DALL-E 3, OpenAI’s text-to-image model, is now accessible via an API, following its initial integration with ChatGPT and Bing Chat. This latest API iteration retains built-in moderation features, designed to safeguard against misuse. Offering various format and quality options, it covers resolutions from 1024×1024 to 1792×1024, with pricing starting at $0.04 per generated image. However, it's worth noting that compared to its predecessor, the DALL-E 3 API has some limitations. Unlike DALL-E 2, it can't be used to modify existing images or create variations, and generation requests sent to DALL-E 3 are subject to automatic rewriting "for safety reasons" and to add more detail, potentially impacting precision based on the prompt.

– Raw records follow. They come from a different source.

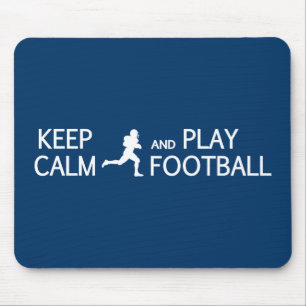 Keep Calm & Play Football custom colour mousepad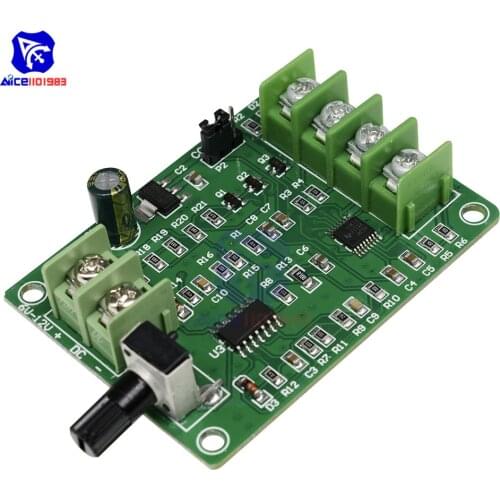 Diymore Brushless Driver Board Controller for Hard Drive Motor 3/4 Wire Potentiometer Switch 5V-12V DC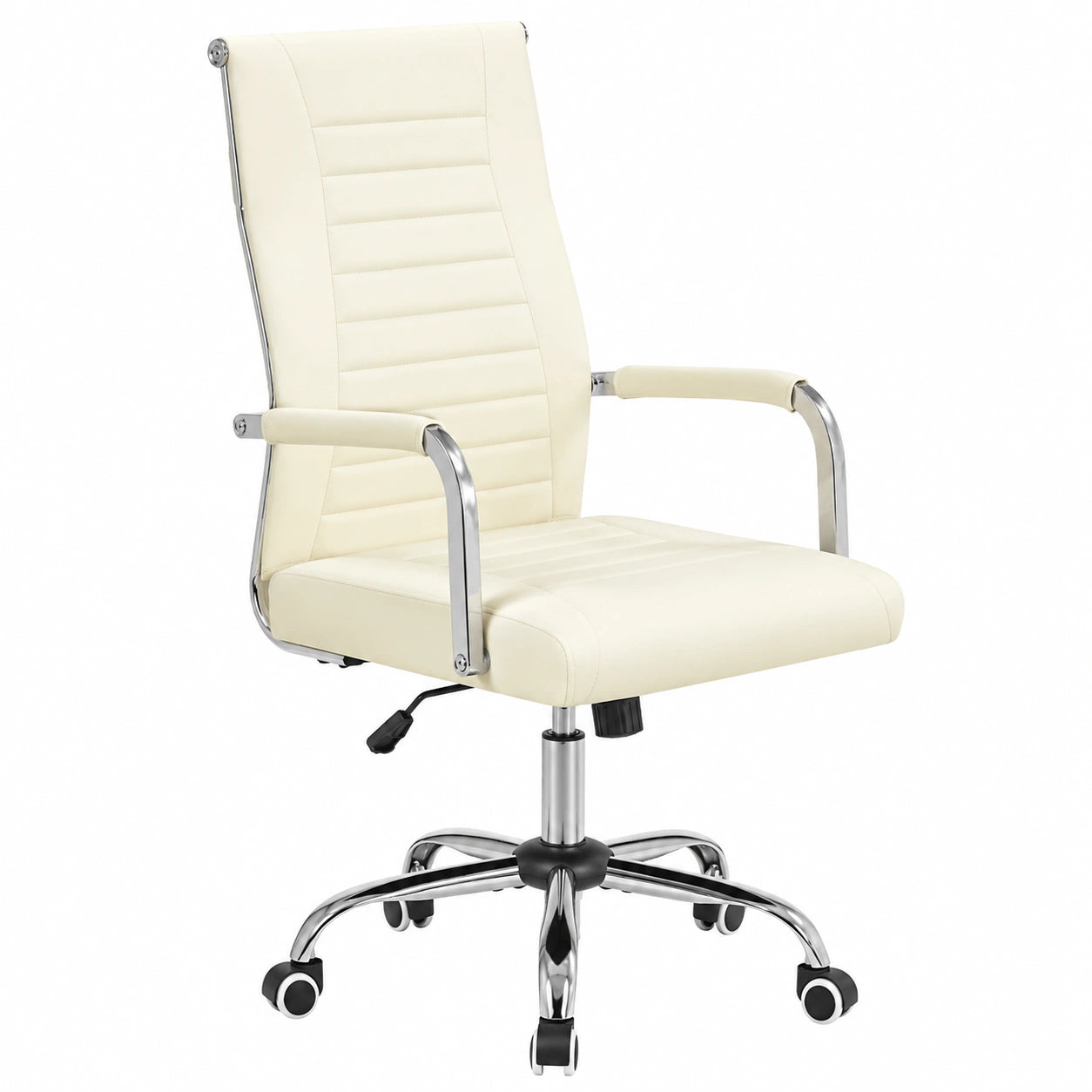 chaise-de-bureau-ergonomique-inclinable-en-similicuir-beige-zomzhb3867se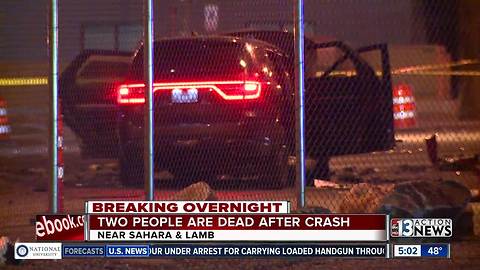 2 people killed in crash near Sahara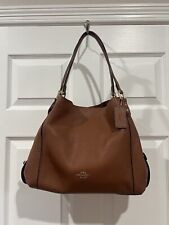Coach brown pebbled for sale  Denver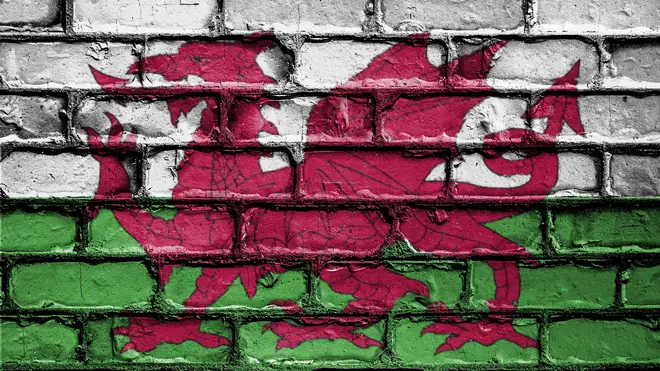 Welsh Flag Wall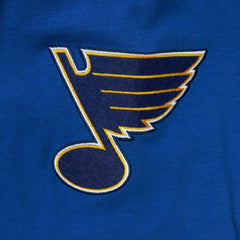 St. Louis Blues Mitchell & Ness Legendary Slub Hoodie Long Sleeve T-Shirt - Blue - NHL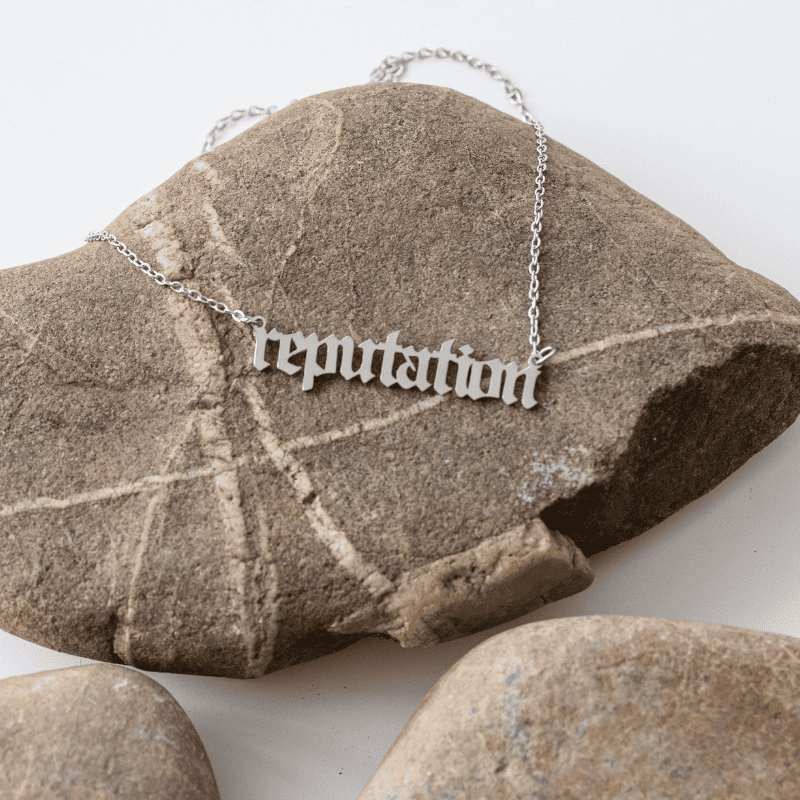 Taylor Swift inspired 'Reputation' Necklace  Oscar Willow & Co Silver  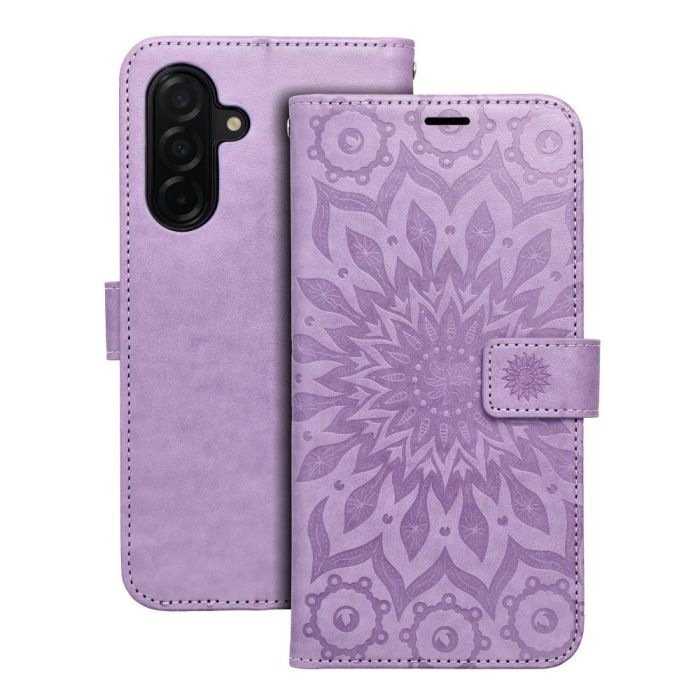 Obal MEZZO Book case Samsung Galaxy A26 5G A266 mandala fialový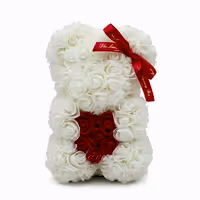 rose bear personalised gift for her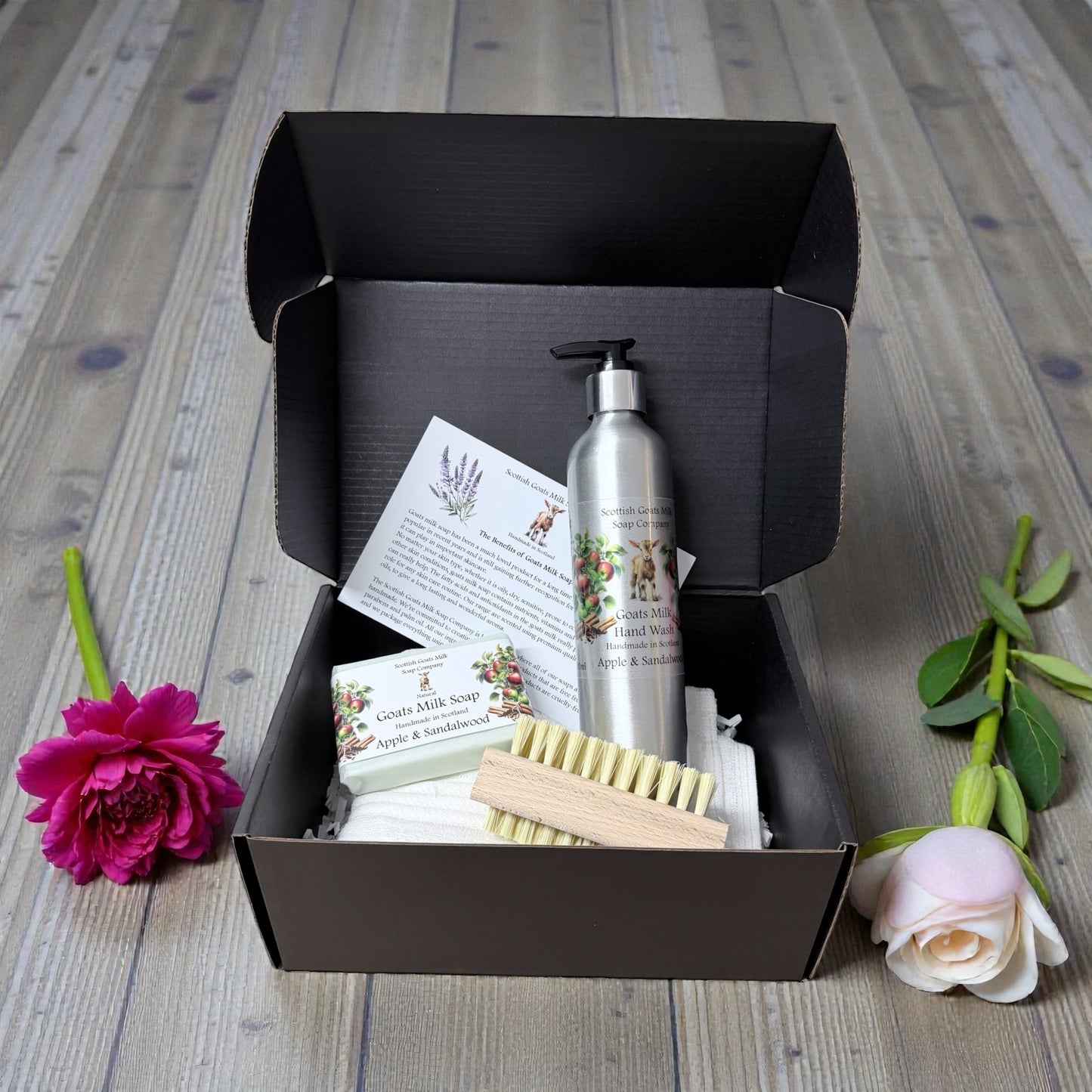 Mother's Day Luxury Goats Milk Hand Wash (300ml Aluminium Bottle) and Soap Bar Gift Set |4 Scent Boxes to Choose From | Gift Boxed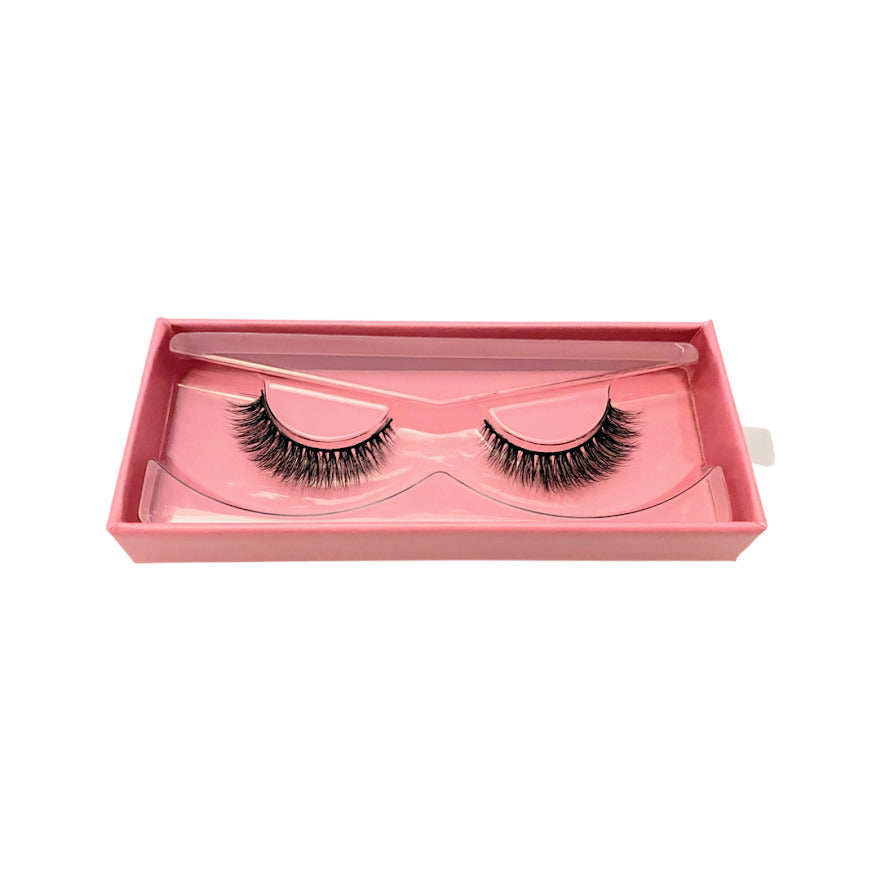 Kenzie faux mink lashes 11mm in pink case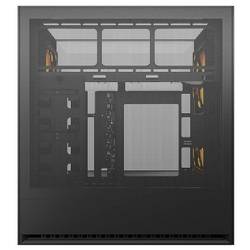 Cougar CGR-2WA3B-RGB midi tower PC skříň černá 2 předinstalované ventilátory, boční okno, integrované osvětlení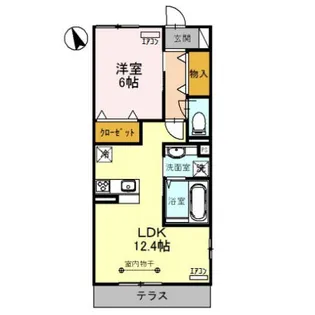 ノワイエⅡ【203号室】の間取り
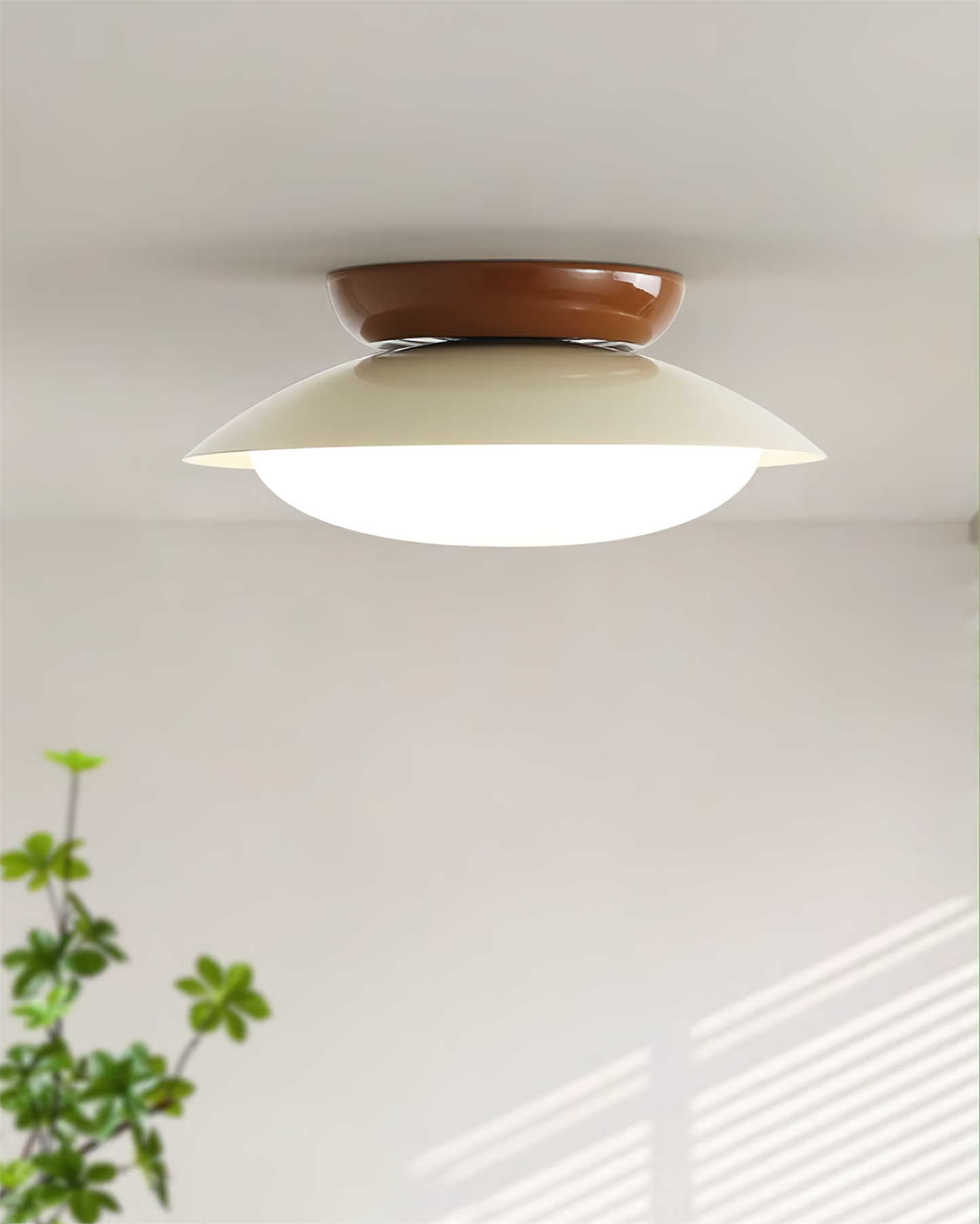 LIGHTS & BRIGHTS | Mid-Century Green LED Ceiling Light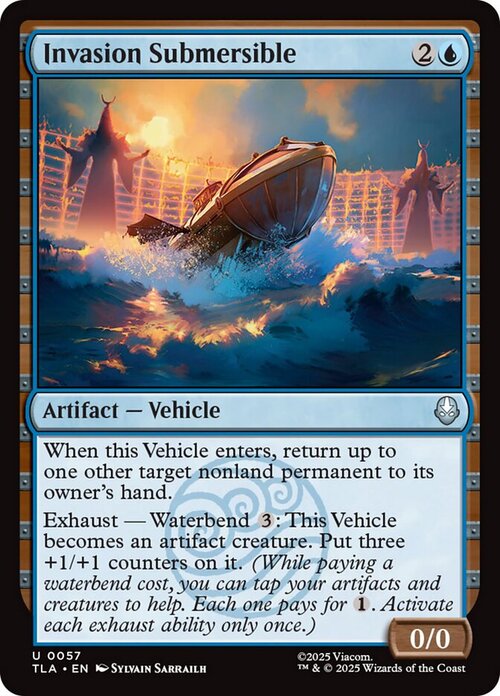 Invasion Submersible Card Front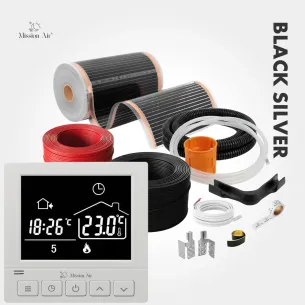 copy of copy of copy of copy of copy of copy of Black Silver 160 W/m² Infrared Heating Film Set | 50 cm Width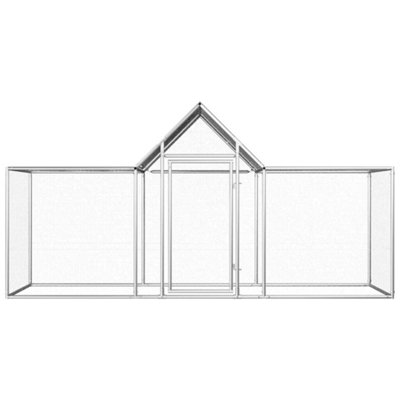 B&Q -  Durable Chicken Coop 3X1X1.5 M Galvanised Steel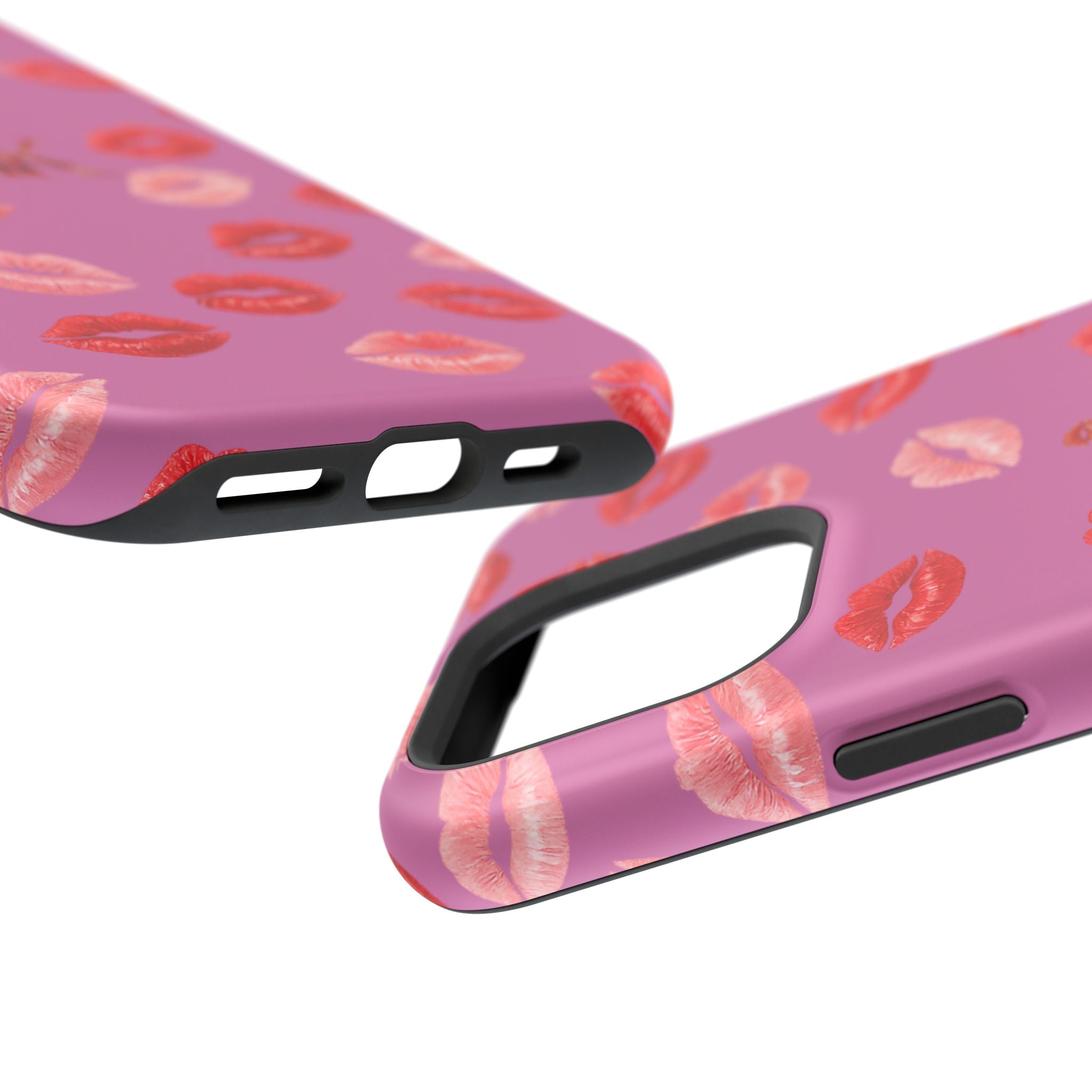 Psyche Collection Light Pink - Kiss Pattern Magnetic Impact Phone Case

OpenAI has also introduced an Audio API, providing access to six preset voices: Alloy, Echo, Fable, Onyx, Nova, and Shimer, along with two generative AI model variants. This API, available today, comes with pricing starting at $0.015 per 1,000 input characters. OpenAI's CEO, Sam Altman, emphasized the naturalness of the audio generated, noting its potential to enhance app interactions, accessibility, language learning, and voice assistance. However, it's important to note that OpenAI doesn't offer emotional affect control over the generated audio, though certain factors in the text, such as capitalization and grammar, may influence the voices' tone.
Furthermore, OpenAI announced the latest version of its open-source automatic speech recognition model, Whisper large-v3. This update boasts enhanced performance across various languages and is accessible via GitHub under a permissive license.
These API releases reflect OpenAI's commitment to expanding the accessibility and utility of advanced AI technologies. As the technology landscape continues to evolve, OpenAI is at the forefront of empowering developers and creators with innovative tools.